● Work item
The material below should be copied line for line, please, with pictures omitted.

● Data provided
____

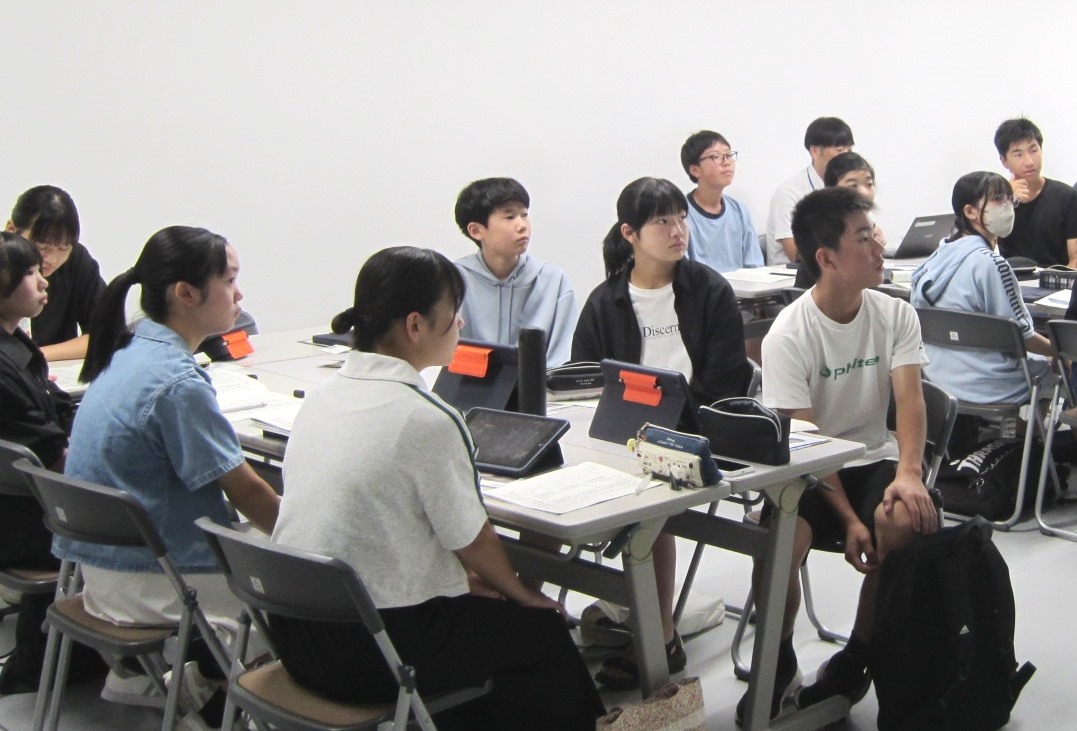 説明を聞く様子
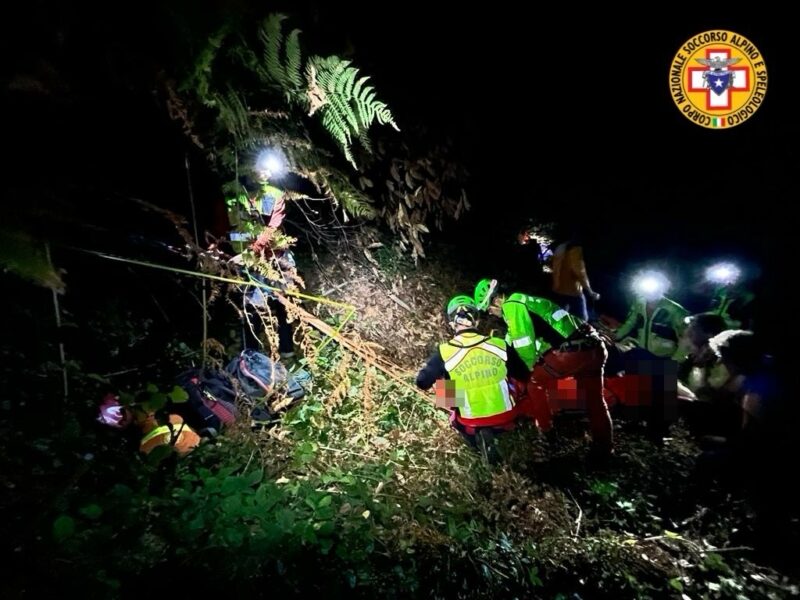 Salvataggio notturno nei boschi uomo di 75 anni ritrovato sano e salvo scaled Salvataggio notturno nei boschi uomo di 75 anni ritrovato sano e salvo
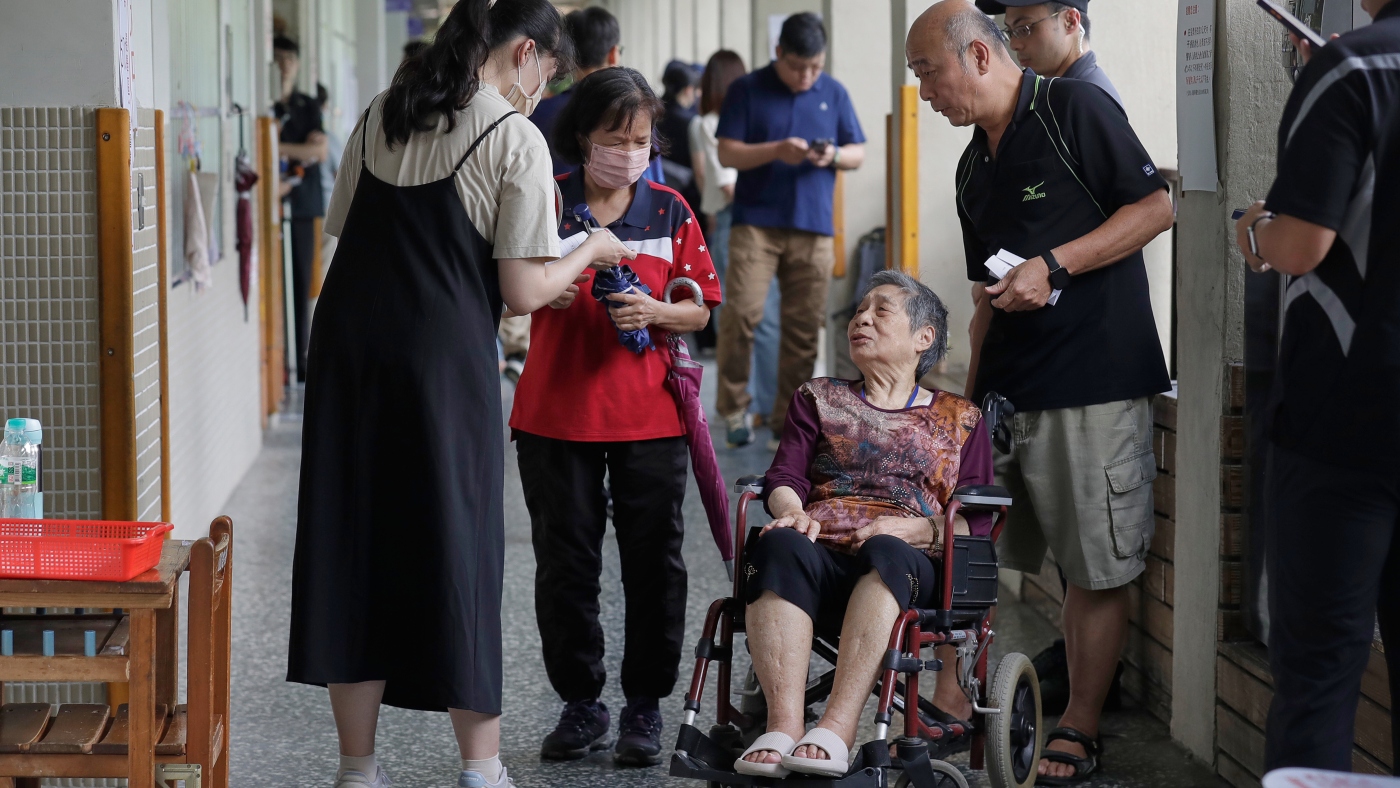 Featured image for Taiwanese voters reject efforts to oust China-friendly lawmakers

____

● Solution to this task
 説明を聞く様子
 Salvataggio notturno nei boschi uomo di 75 anni ritrovato sano e salvo scaled Salvataggio notturno nei boschi uomo di 75 anni ritrovato sano e salvo
 Featured image for Taiwanese voters reject efforts to oust China-friendly lawmakers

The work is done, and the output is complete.